November 27, 2007|By DAN DEARTH

HAGERSTOWN - Bottom Road resident Billy Payne on Monday told Washington County officials that it feels like his house is crashing down when workers blast at the Pinesburg Quarry.

And it could get worse, he said during a public hearing before the Washington County Commissioners and Washington County Planning Commission, if Martin Marietta Materials Inc. is given permission to expand its interests to mine 77 acres of land that borders the quarry to the north.

Paxton Badham of Martin Marietta told county officials and about 60 people in attendance that rezoning the land north of the quarry would not increase mining intensity in that area.

There would not be more blasting, dust or truck traffic unless the market demand increased, he said.

The existing quarry has about 20 years of life remaining, Badham said. The additional 77 acres would prolong mining there for 80 more years.
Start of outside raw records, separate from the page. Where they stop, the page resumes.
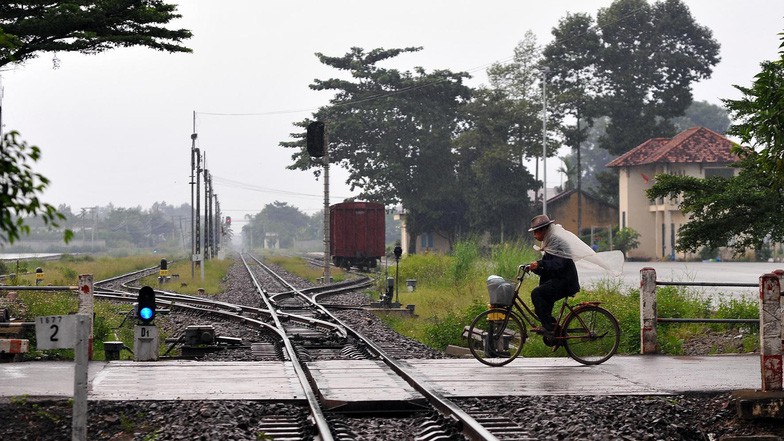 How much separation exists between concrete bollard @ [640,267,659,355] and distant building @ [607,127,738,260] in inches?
2155

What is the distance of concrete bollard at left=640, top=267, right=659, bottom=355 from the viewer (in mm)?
13595

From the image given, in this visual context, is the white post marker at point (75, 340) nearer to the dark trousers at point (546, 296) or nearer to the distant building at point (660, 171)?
the dark trousers at point (546, 296)

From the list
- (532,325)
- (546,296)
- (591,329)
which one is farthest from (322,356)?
(591,329)

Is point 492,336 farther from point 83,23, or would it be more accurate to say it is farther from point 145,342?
point 83,23

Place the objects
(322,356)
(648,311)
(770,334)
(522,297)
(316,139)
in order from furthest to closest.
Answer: (316,139)
(522,297)
(322,356)
(648,311)
(770,334)

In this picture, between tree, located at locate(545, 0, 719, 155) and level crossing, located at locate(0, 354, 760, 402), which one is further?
tree, located at locate(545, 0, 719, 155)

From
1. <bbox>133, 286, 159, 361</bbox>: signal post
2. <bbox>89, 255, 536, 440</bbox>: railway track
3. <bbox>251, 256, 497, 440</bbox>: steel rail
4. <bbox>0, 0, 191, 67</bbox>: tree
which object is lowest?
<bbox>89, 255, 536, 440</bbox>: railway track

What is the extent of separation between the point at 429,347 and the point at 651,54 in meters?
68.8

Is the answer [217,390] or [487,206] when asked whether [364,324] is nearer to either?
[217,390]

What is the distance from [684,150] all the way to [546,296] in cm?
6014

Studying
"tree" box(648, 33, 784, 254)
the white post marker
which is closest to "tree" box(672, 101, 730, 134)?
"tree" box(648, 33, 784, 254)

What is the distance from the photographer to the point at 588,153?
152 metres

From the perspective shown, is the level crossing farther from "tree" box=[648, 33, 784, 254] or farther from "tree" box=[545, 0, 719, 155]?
"tree" box=[545, 0, 719, 155]

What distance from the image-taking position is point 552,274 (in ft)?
41.2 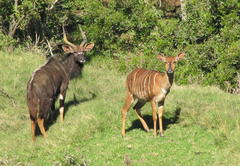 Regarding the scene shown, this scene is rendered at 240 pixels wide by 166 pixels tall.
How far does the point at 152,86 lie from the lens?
305 inches

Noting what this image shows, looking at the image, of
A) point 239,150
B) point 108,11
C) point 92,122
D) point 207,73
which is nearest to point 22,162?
point 92,122

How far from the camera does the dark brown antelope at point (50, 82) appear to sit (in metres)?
8.40

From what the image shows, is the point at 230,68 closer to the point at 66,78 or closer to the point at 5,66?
the point at 66,78

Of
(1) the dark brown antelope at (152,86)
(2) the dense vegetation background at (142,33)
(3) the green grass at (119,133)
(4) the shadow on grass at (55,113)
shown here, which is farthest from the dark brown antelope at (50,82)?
(2) the dense vegetation background at (142,33)

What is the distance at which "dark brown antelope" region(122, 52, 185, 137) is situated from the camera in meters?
7.60

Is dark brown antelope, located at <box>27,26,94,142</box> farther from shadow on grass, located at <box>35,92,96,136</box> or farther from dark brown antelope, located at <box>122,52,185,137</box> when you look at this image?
dark brown antelope, located at <box>122,52,185,137</box>

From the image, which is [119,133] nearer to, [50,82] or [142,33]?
[50,82]

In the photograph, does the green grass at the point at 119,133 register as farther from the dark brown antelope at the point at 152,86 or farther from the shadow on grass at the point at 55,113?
the dark brown antelope at the point at 152,86

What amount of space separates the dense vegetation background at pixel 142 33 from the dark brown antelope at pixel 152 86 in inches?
178

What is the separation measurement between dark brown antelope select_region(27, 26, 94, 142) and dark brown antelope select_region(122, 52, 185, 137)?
5.71 ft

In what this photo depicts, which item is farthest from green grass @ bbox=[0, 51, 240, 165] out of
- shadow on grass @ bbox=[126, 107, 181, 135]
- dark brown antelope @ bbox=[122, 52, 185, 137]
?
dark brown antelope @ bbox=[122, 52, 185, 137]

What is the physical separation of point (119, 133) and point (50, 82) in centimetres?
193

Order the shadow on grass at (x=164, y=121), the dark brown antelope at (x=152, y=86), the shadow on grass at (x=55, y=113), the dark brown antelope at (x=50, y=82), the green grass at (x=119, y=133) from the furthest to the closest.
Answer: the shadow on grass at (x=55, y=113), the shadow on grass at (x=164, y=121), the dark brown antelope at (x=50, y=82), the dark brown antelope at (x=152, y=86), the green grass at (x=119, y=133)

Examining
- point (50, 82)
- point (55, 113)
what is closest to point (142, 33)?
point (55, 113) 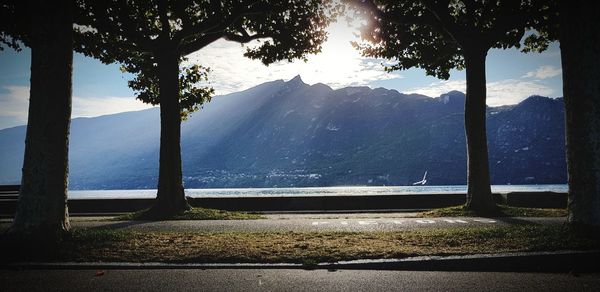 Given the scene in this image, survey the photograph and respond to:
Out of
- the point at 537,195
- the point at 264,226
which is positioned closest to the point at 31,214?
the point at 264,226

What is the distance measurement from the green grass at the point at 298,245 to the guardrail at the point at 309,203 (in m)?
9.97

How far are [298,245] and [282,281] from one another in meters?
2.07

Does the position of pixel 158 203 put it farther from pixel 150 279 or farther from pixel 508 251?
pixel 508 251

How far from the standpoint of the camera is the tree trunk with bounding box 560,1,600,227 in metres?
7.63

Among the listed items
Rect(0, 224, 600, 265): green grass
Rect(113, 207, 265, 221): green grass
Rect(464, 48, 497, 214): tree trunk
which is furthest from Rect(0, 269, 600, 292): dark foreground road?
Rect(464, 48, 497, 214): tree trunk

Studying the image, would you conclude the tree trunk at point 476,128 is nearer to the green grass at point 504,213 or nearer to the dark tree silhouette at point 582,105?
the green grass at point 504,213

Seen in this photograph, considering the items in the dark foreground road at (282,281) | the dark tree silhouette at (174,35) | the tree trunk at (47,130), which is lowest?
the dark foreground road at (282,281)

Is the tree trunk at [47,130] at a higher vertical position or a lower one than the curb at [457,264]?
higher

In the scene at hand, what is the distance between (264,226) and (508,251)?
7.06 m

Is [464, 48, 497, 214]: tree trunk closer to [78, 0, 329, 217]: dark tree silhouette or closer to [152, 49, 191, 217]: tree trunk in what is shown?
[78, 0, 329, 217]: dark tree silhouette

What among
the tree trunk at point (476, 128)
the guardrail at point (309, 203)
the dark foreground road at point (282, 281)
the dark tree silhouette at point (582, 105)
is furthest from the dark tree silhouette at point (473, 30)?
the dark foreground road at point (282, 281)

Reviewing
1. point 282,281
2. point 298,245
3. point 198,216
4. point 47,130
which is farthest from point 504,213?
point 47,130

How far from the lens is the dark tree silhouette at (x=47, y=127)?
7.75m

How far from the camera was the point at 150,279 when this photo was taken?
227 inches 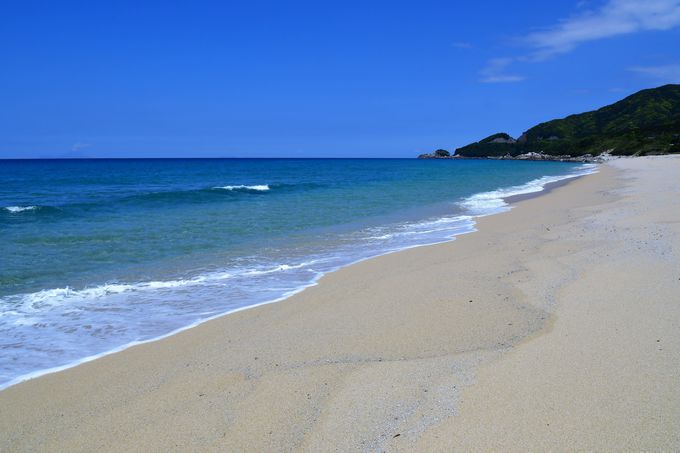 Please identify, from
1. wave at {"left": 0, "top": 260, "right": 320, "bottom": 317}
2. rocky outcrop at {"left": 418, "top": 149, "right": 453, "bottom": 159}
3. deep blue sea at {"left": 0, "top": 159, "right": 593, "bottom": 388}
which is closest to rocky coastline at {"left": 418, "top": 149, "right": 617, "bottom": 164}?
rocky outcrop at {"left": 418, "top": 149, "right": 453, "bottom": 159}

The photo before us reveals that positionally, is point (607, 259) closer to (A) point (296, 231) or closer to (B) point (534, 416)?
(B) point (534, 416)

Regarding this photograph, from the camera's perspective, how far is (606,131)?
11581cm

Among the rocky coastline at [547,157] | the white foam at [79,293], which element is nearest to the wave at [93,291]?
the white foam at [79,293]

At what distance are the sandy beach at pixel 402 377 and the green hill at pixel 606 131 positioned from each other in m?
82.6

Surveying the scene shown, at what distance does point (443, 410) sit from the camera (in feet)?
11.7

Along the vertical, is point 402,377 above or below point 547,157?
below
"We have to go where the rock is," he said.

Martin Marietta has invested millions of dollars in the quarry and employs 19 people there, excluding truck drivers who are privately contracted, he said.

But Payne and more than a dozen other people, mostly residents living near the quarry, said their homes are rocked and sometimes their wells are ruined when the quarry blasts. Some of the people said rezoning the land to expand mining could decrease their property values.

"When they blast, my house shakes ... I've got cracks in almost every closet," said Grace Myers, who lives across the street from the proposed expansion site.

Myers suggested that the planning commission and county commissioners visit her property to see what she is experiencing before they vote.

Patricia Olchak, a Clear Spring Road resident, said she doubted whether the quarry follows blasting regulations.

"(My house) has a double foundation because of the quarry," she said.

Washington County Planning Director Mike Thompson said before a decision is made to rezone the land, the issue has to go before the county planning commission for a recommendation. That recommendation will be passed on to the Washington County Commissioners, who will have the final say, he said.